Deckname "Gladiator"

Im August 2005 war es soweit; der erste Zutritt. In der Regel folgt dieser einem fast schon religiösen Ritus. Wie in einem Orden oder einer Sektenzentrale tauschen die Mitarbeiter und Informanten des Nachrichtendienstes am Eingang ihre bürgerliche Identität gegen einen Decknamen ein. So war es auch bei den jetzt bekannt gewordenen Fällen über die Bespitzelung von Journalisten. Der so genannte Schäfer- Bericht listet gleich fünf Deckidentitäten von Spitzeln im journalistischen Gewerbe auf. Sie tragen so klingende Namen wie "Schweiger", "Sommer" oder "Gladiator". Auch Andreas Magdanz ist während seiner Arbeit auf dem Gelände in Pullach nie ein einziger BND-Mitarbeiter mit Klarnamen vorgestellt worden.

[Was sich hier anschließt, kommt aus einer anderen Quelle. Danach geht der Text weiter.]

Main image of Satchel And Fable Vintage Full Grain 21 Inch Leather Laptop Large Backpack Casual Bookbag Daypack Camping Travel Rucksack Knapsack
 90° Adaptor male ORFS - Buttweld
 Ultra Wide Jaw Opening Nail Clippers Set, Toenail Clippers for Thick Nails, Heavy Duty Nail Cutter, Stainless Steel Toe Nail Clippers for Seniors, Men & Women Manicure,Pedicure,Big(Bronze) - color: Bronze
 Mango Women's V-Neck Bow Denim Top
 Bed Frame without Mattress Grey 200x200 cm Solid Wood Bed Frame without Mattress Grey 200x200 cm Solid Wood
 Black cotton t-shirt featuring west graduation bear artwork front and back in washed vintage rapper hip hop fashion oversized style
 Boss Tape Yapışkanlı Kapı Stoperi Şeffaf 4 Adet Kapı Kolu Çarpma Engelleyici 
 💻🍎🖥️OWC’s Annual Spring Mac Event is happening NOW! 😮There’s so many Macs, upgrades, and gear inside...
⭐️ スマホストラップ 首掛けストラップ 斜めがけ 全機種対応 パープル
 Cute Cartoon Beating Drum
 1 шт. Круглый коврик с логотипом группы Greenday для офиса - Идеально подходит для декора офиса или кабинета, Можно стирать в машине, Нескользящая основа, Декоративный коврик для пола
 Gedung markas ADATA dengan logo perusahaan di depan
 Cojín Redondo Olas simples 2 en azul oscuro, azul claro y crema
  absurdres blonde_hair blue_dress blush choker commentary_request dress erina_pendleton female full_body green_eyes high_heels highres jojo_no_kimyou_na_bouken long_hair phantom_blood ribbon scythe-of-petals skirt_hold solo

Diese anonymen Schnüffler sind die Schriftgelehrten der Gegenwart. In Pullach versuchen sie die Codes einer feindlich gesonnenen Welt zu knacken. Ihre gleichförmigen Beamtenkasernen konservieren den Glauben an eine entschlüsselbare Wirklichkeit. Ihre heiligen Texte aber, ihre Offenbarungen und Credos bleiben unauffindbar. Nur einmal, im sogenannten Bücherturm, einer achtstöckigen Bibliothek am nördlichen Rand des Geländes, wird Magdanz' Kamera fündig: Hier werden täglich über hundert Tageszeitungen aus aller Welt konserviert. Das Foto zeigt eine Regalwand mit abgehefteten Nummern des Magazins DER SPIEGEL. Plötzlich beschleicht es den Betrachter unangenehm. Sollte das der Grund dafür sein, dass der BND über Jahre Journalisten ausspioniert hat? Wissen die Agenten kaum mehr, als das, was täglich in der Zeitung steht? Die Fotografien von Andreas Magdanz jedenfalls entlarven den Mythos Geheimdienst als eine große Blase. Sein innerstes Wesen ist der Tanz um ein gewaltiges Vakuum.

Andreas Magdanz: BND - Standort Pullach. Dumont Verlag 2006. 192 S. mit ca. 100 Abb. 55,00 Euro.